Name
SERV_QUEUE_TOP — Retrieve target website and store within Virtuoso
Synopsis
WS.WS.
SERV_QUEUE_TOP
(
|
in target varchar , |
in WebDAV_collection varchar , | |
in update integer , | |
in debug integer , | |
in function_hook varchar , | |
in
data
any
) ; |
Description
Web Robot site retrieval can be performed with the WS.WS.SERV_QUEUE_TOP PL function integrated in to the Virtuoso server.
To run multiple walking robots all you simply need to do is kick them off from separate ODBC/SQL connections and all robots will walk together without overlapping.
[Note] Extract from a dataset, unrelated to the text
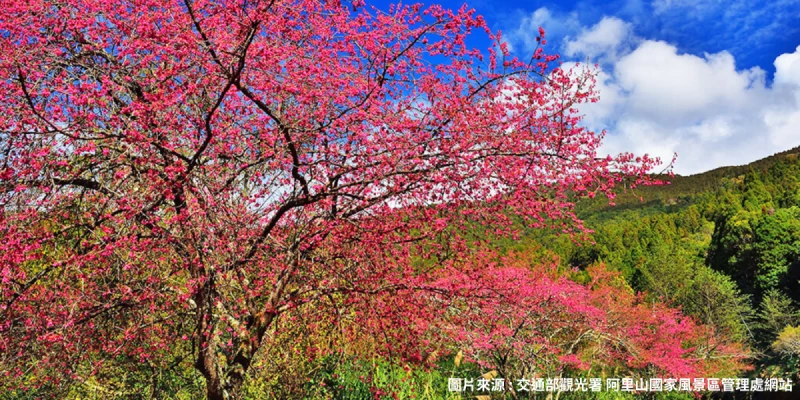 阿里山國家森林遊樂區~賞櫻花(不含門票)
From a VSP interface, after calling the retrieval function you may call http_flush to keep running tasks in the server and allowing the user agent to continue with other tasks.
Parameters
target
URI to target site.
WebDAV_collection
Local WebDAV collection to copy the content to.
update
Flag to set updatable, can be 1 or 0 for on or off respectably.
debug
Debug flag, must be set to 0
function_hook.
Fully qualified PL function hook name. If not supplied or NULL then the default function will be used.
data
application dependent data, usually an array, is passed to the PL function hook to perform next queue entry extraction. In our example we use an array with names of non-desired sites.
Examples
Example 24.370. Retrieve External Sites
WS.WS.SERV_QUEUE_TOP ( 'www.foo.com', 'sites/www_foo_com', 0, 0, 'DB.DBA.my_hook', vector ('www.skip.me','www.bar.com') );